Friday, May 3, 2019

SFS Conductor and Soloist in Top Form at Davies

Violinist James Ehnes (from the SFS event page for this week’s concert)

Last night in Davies Symphony Hall, conductor Marek Janowski returned to lead the San Francisco Symphony (SFS) in the first of this week’s three subscription concerts. The soloist for this program was violinist James Ehnes, also making a return visit and this time performing Max Bruch’s Opus 26 (first) concerto in G minor. The program began with Felix Mendelssohn’s Opus 95, the concert overture he was commissioned to write based on Victor Hugo’s tragic drama Ruy Blas. The second half of the program was devoted entirely to Richard Wagner with orchestral excerpts from two of his operas, Tannhäuser and Tristan und Isolde.

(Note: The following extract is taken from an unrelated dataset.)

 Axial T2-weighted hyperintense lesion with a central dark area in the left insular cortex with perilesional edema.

Visits by both Janowski and Ehnes are eagerly anticipated. Both of them have impeccable command of their respective techniques and capacities for expressiveness that frequently sheds new light on even the most familiar compositions. The Bruch concerto is one of those compositions, and it can be demanding in ways that the casual listener might not initially recognize. Following a brief orchestral introduction, presented with just the right hints of suspense through Janowski’s direction, the violin makes its appearance with a single sustained tone. Having listened to some of the best violinists fumble over such apparent simplicity, I focus intensely on how every violinist handles that introduction.

Ehnes introduced himself with just the right blend of clarity and character. After all, the note cannot sustain itself the way the piano can by simply striking the key with the right amount of pressure. Ehnes found just the right combination of dynamic contour and vibrato to establish the suspense that Bruch intended this single note to register.

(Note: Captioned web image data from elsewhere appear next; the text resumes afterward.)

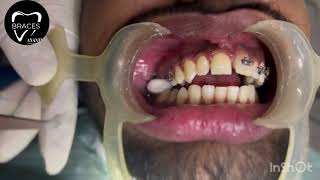 CLASS 2 DIV 1  BRACES  ORTHODONTICS  ANANTNAG trending braces dentist imrankhan [upl. by Rhett]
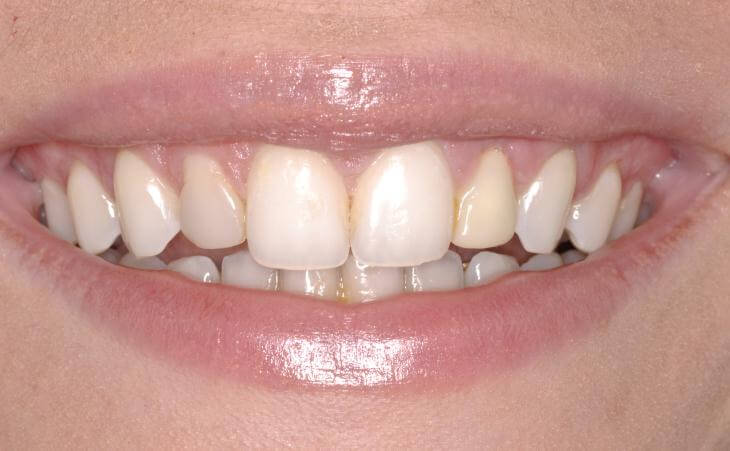 Immediate Dental Implant Surgery After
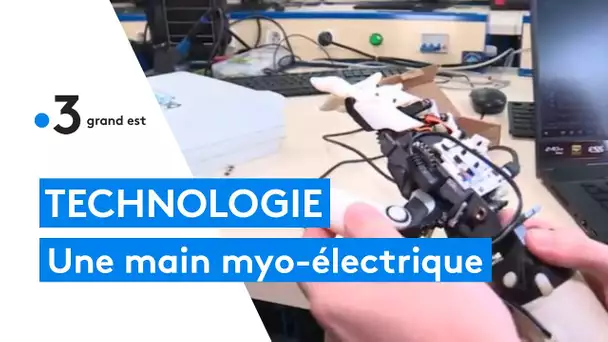 Technologie : une main myo-électrique conçue à l'IUT de Mulhouse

Having endowed the solo line with a compelling establishment of personality, Ehnes could then move on to introducing and developing his thematic content. Those developments proceeded with impeccable alignment with the orchestral activities coordinated by Janowski. As a result, no matter how many times one might have encountered this concerto in performance or on recording, this was an interpretation that consistently shimmered with attributes of character shared by both soloist and conductor.

The impact of this performance clearly registered with the house. Audience response was such that Ehnes returned to give two encores, each of which disclosed new aspects of his approach to repertoire. He began with a major virtuoso undertaking in its own right, the third (in D minor) of Eugène Ysaÿe’s Opus 27 collection of six sonatas for solo violin. Consisting only of a single movement, this sonata was dedicated by Georges Enescu and given the title “Ballade.” It is structured in two contrasting sections of Lento and Allegro tempos. Once again, Ehnes knew how to endow this challenging technical offering with a perfectly consistent approach to expressiveness.

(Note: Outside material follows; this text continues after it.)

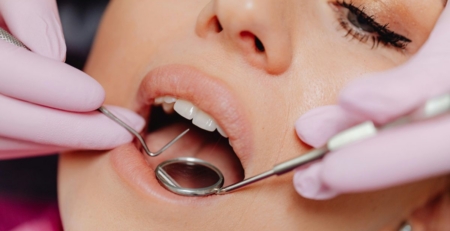 Tooth Cavity Treatment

While Ysaÿe’s sonatas were composed to explore the expanding sources of techniques for virtuoso performers, there is a good chance that he saw the underlying pedagogical value for a new century of both students and teachers. (The sonatas were composed in 1923.) Presumably, pedagogy also motivated the composition of sonatas and partitas for solo violin written by Johann Sebastian Bach almost exactly 200 years earlier in 1720. Ehnes played the Largo movement from BWV 1005, the third, in the key of C major, of the three sonatas. (Ysaÿe’s own project was inspired by a performance of BWV 1001, the sonata in G major, given by Joseph Szigeti.) His graceful approach to the double-stop and triple-stop passages clearly established the priority of his expressive stance over mere technical display.

That balance of the expressive and the technical was just as evident in Janowski’s Wagner offerings. He began with the two major instrumental selections from Tannhäuser, the overture and the Venusberg dance music added for the Paris performance of the opera in 1861, some sixteen years after the initial score was completed. This was followed by the opening Prelude for Tristan und Isolde, after which the set concluded with the instrumental version of the final “Liebestod” scene sung by Isolde.

Janowski clearly knows every detail that Wagner penned into these scores. When Wagner’s polyphony is at its thickest, Janowski consistently sorted out foreground from background in ways in which the full extent of orchestral coloration was never compromised. His approach to tempo consistently found ways to keep the rhetorical flow moving while always allowing just enough time to dwell on the most dramatically critical of the moments. For Wagner lovers this was music that vividly recalled the intensity of what was being enacted on the stage, but this was an interpretation in which the music fared perfectly well on its own in the absence of staging.

The Mendelssohn overture was the earliest work on the program, predating the original version of Tannhäuser by about six years. The contrast between the melodrama of Victor Hugo and the more personal dramatic qualities of Wagner’s libretto are unmistakable. One gets the impression that Mendelssohn wrote this overture to get the audience to sit up and pay attention before the drama got under way. In this case Janowski used the occasion to get our attention revved up for the Bruch concerto, and he succeeded admirably in achieving this goal.